WORK INSTRUCTIONS:
With the pictures left out, retype exactly the lines below starting at the line that contains "Gli studenti in corteo (foto Stick)" and ending at the line that contains "FL license plate EXBP16".

RECORDS SUPPLIED:
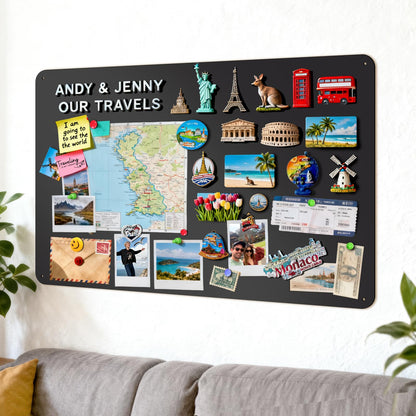 LYZZXI Magnettafel Schwarz 50x80 cm, Magnetwand für Fotos & Magnete, rechteckig, matt schwarze Stahloberfläche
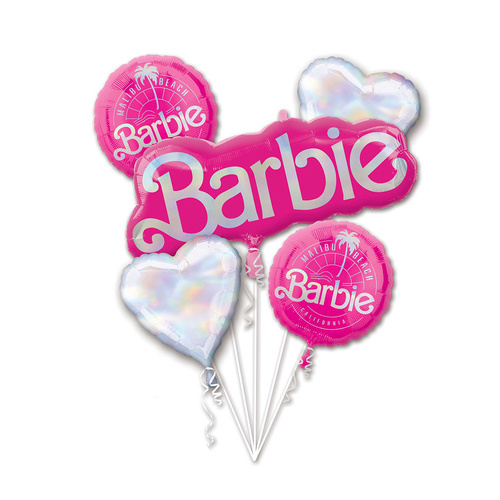 Bouquet Barbie Foil Foil Balloon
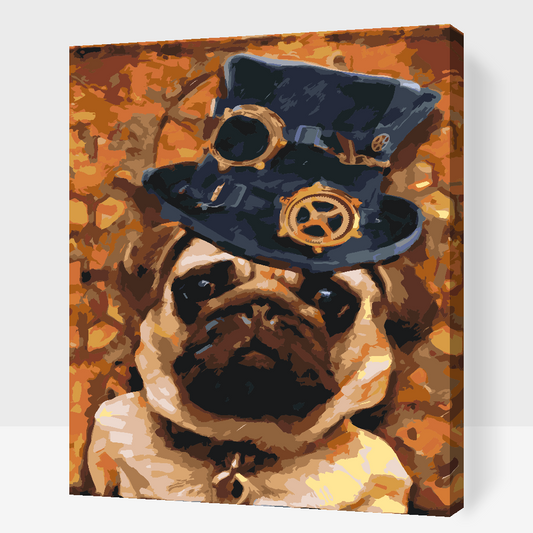Paint by Numbers - Mops med hat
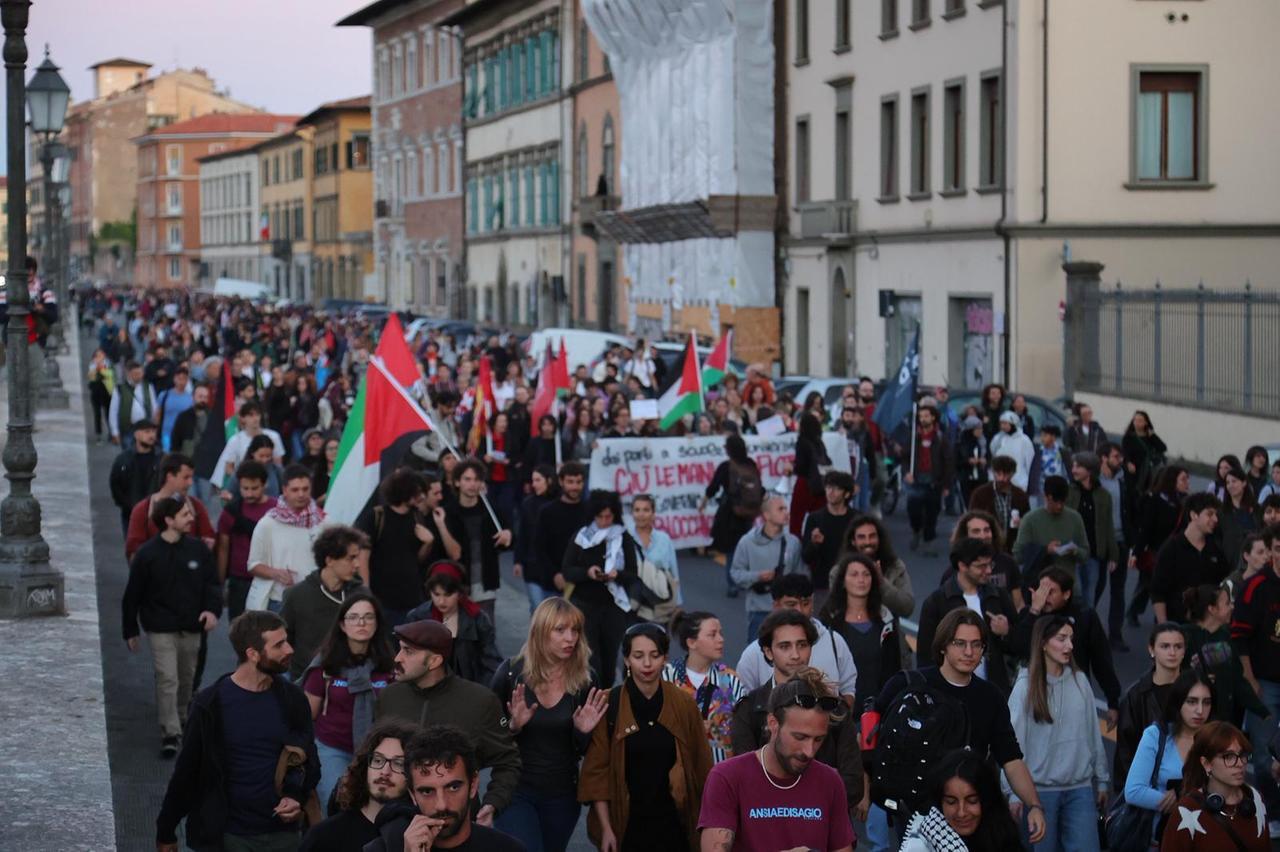 
	Gli studenti in corteo (foto Stick)

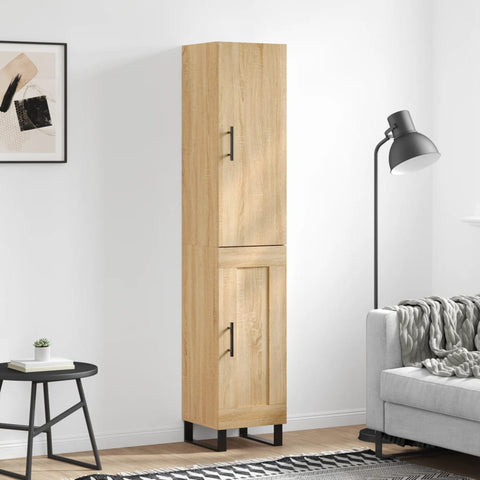 Highboard Sonoma Oak 34.5x34x180 cm Engineered Wood 3199132
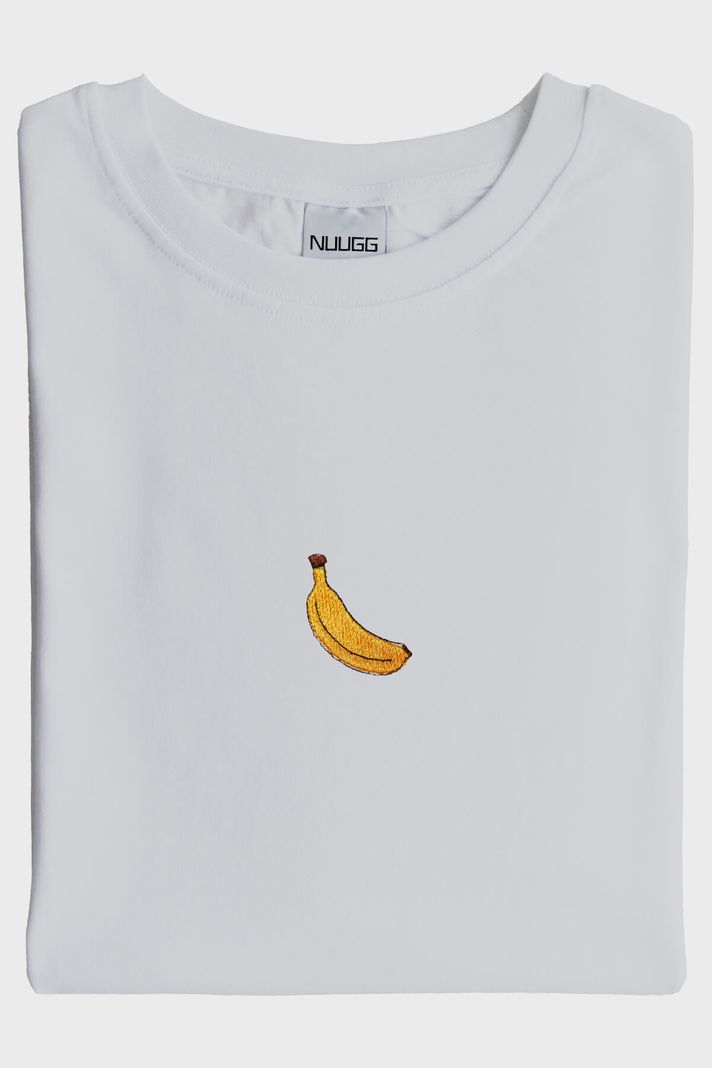 Muz Desenli Nakış Tişört
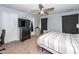 Bedroom featuring TV, ceiling fan and closet at 100 Pine Hall Dr, Goose Creek, SC 29445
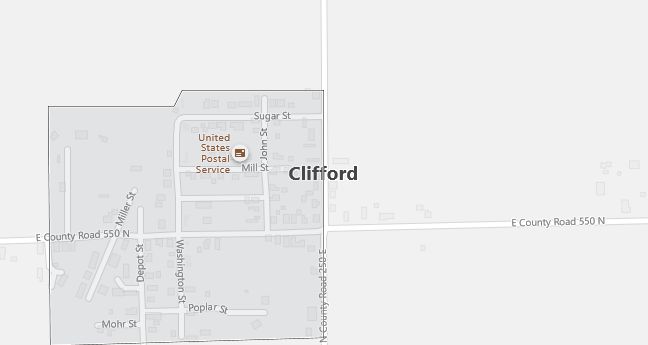 Map of Clifford, IN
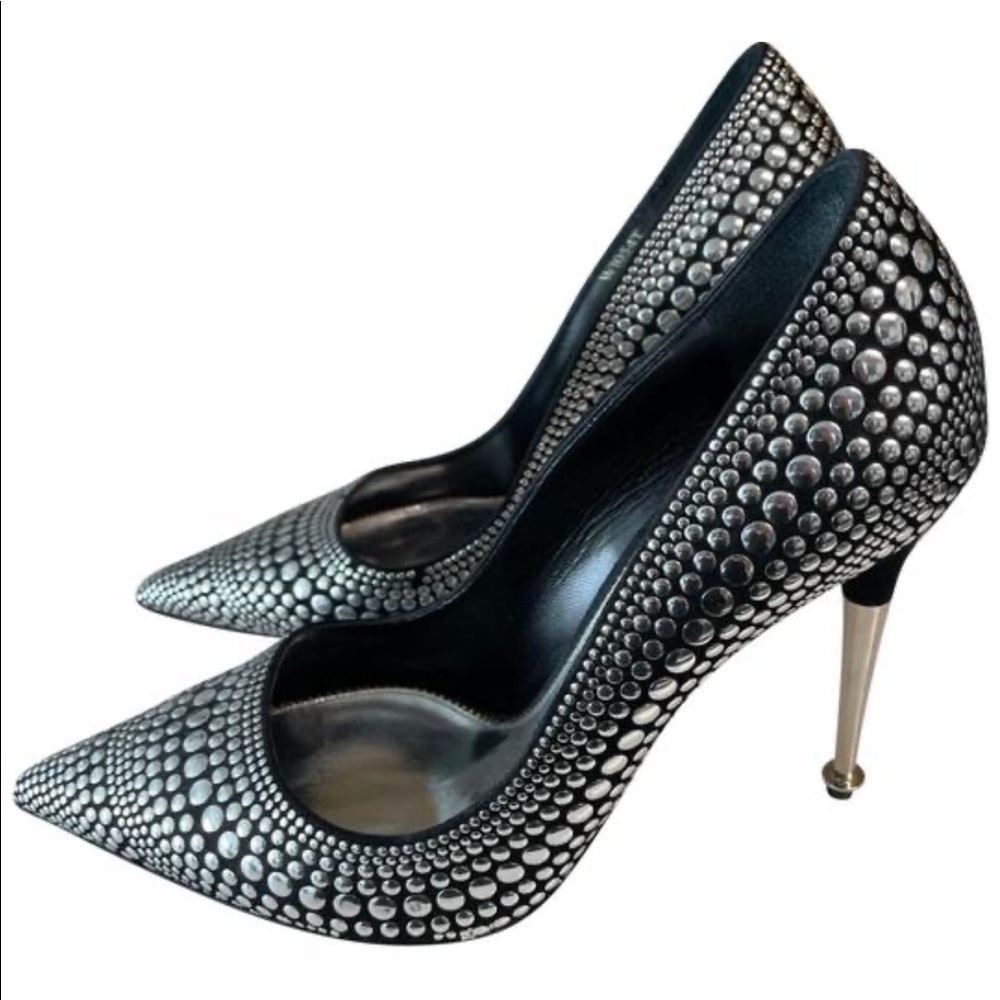 Tom Ford Studded Suede Pointy-Toe Pump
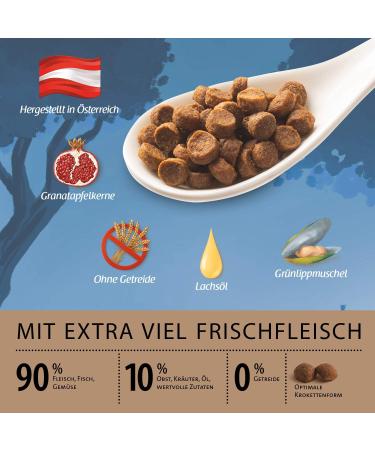 GranataPet Mini Royal Poultry and Salmon Junior Dog Food 1 kg - Buy Online on GoSupps.com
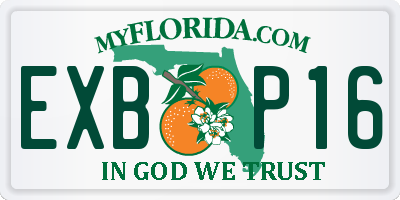 FL license plate EXBP16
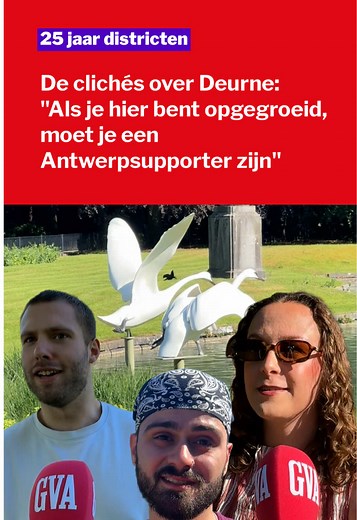 In Deurne wonen allemaal marginalen en Antwerpsupporters. Overigens is het Rivierenhof het Central Park van Europa. Tenminste, in dat soort clichés denken buitenstaanders die er níet wonen. Hoewel. “Als je hier bent opgegroeid, moet je een Antwerpsupporter zijn.” Lees het volledige artikel via de GVA-app om de reacties op andere cliches te checken! #gva #antwerpen #cliché #cliches #deurne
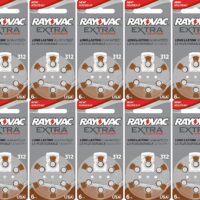 Rayovac Extra Advanced, size 312 Hearing Aid Battery Pack of 60 Total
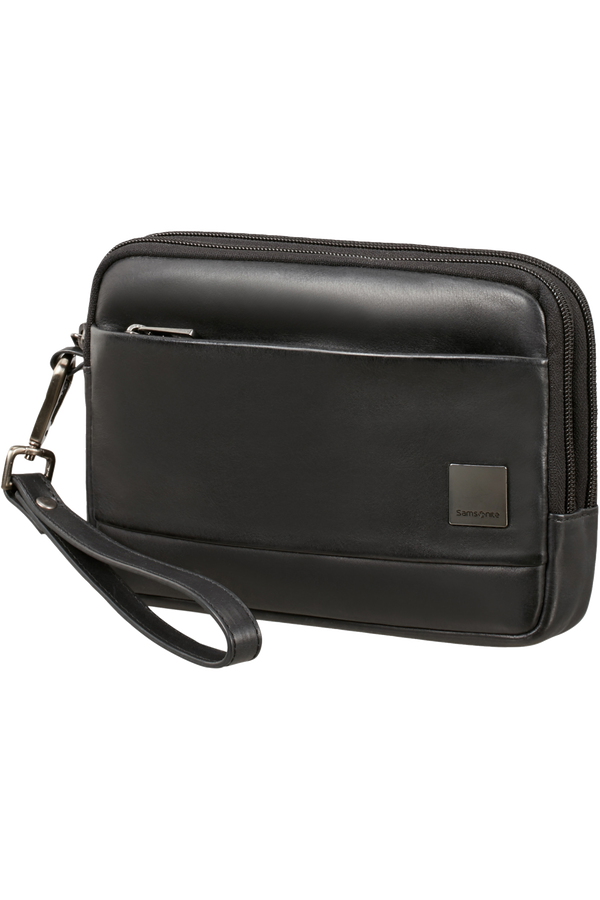 Samsonite Hip-Square Lth Clutch S 2c  Nero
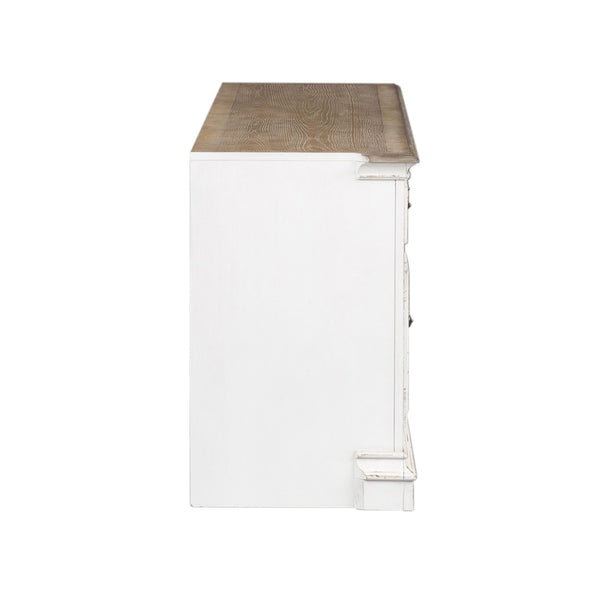 Magnolia Manor - Entertainment TV Stand - Antique White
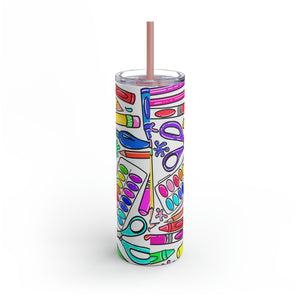 Art Supplies Skinny Matte Tumbler, 20oz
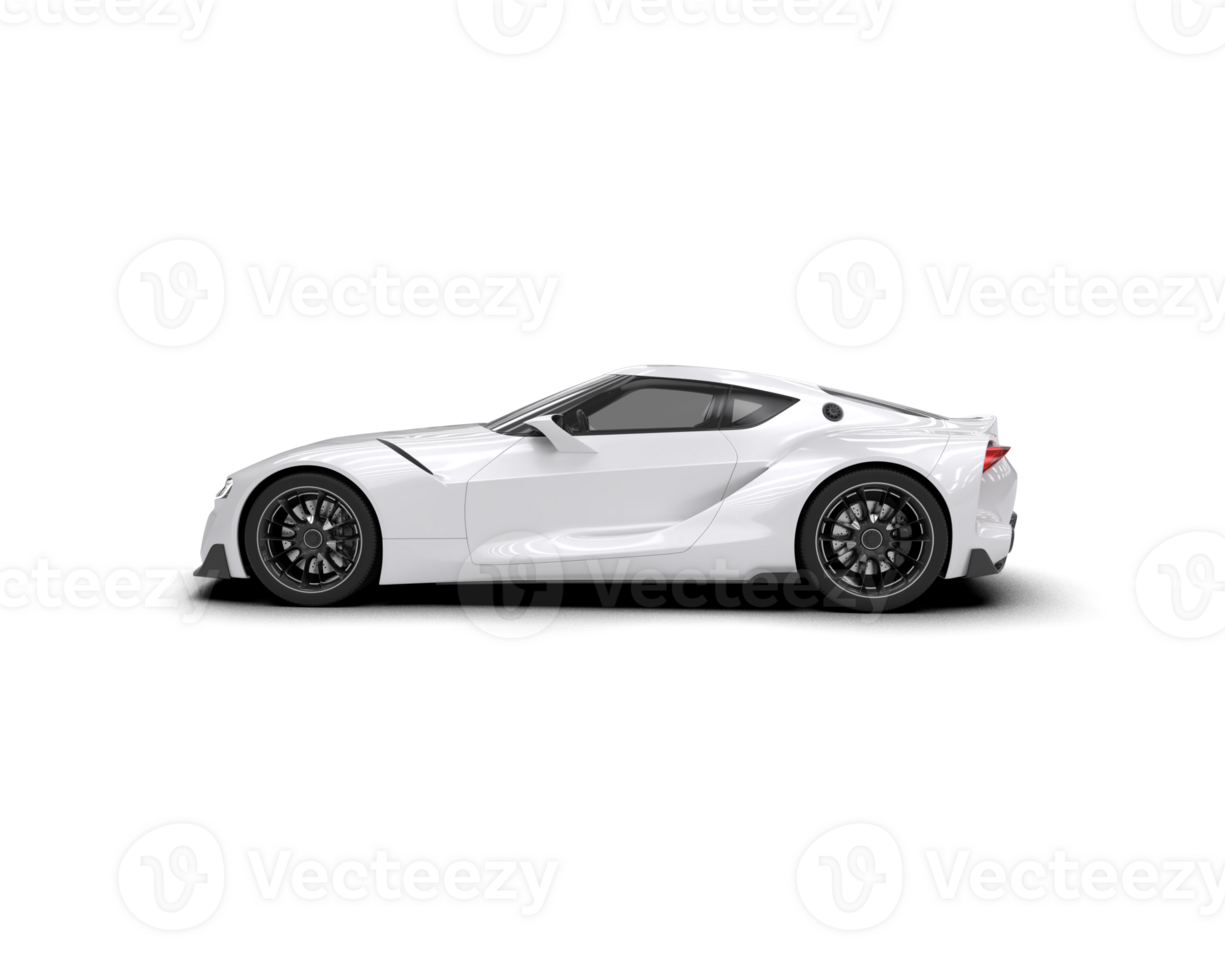 Realistic sport car isolated on background. 3d rendering - illustration png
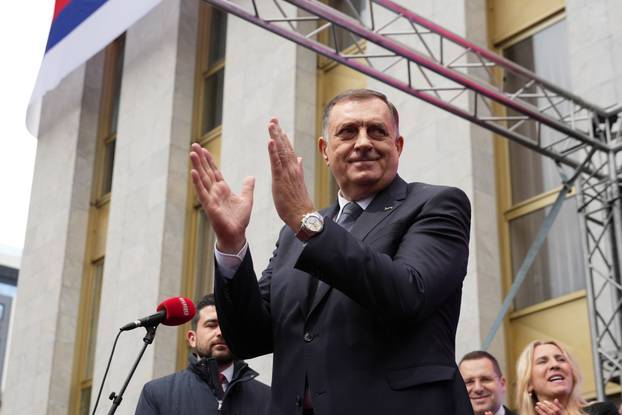 Banja Luka: Skup podrške Miloradu Dodiku nakon izricanja presude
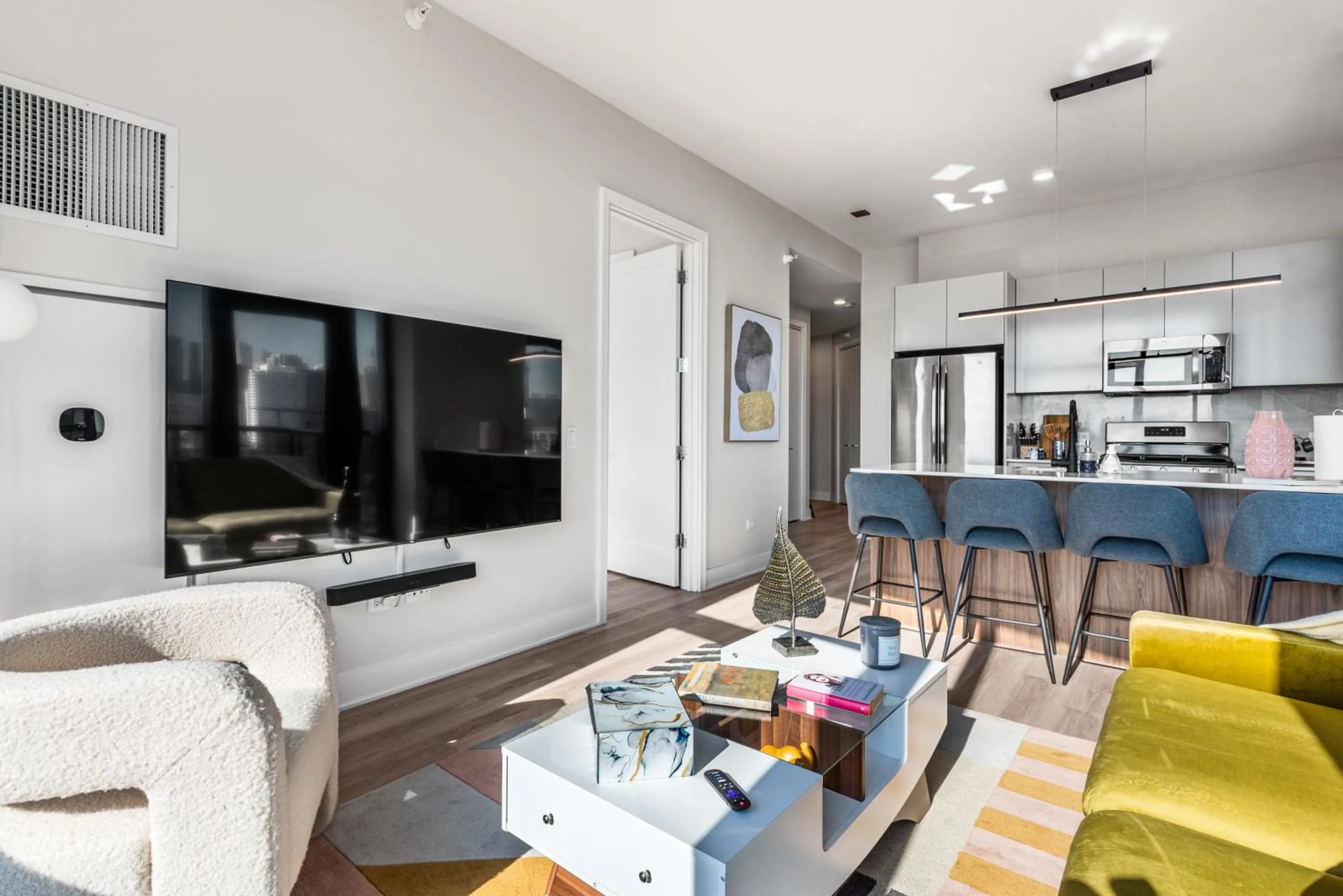 TV and multimedia in Avra Stylish Apartments Prime West Loop Location Near Union Park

RESPONSE TO THE EXERCISE:
	Gli studenti in corteo (foto Stick)

 Highboard Sonoma Oak 34.5x34x180 cm Engineered Wood 3199132
 Muz Desenli Nakış Tişört
 Bedroom featuring TV, ceiling fan and closet at 100 Pine Hall Dr, Goose Creek, SC 29445
 Map of Clifford, IN
 Tom Ford Studded Suede Pointy-Toe Pump
 GranataPet Mini Royal Poultry and Salmon Junior Dog Food 1 kg - Buy Online on GoSupps.com
 FL license plate EXBP16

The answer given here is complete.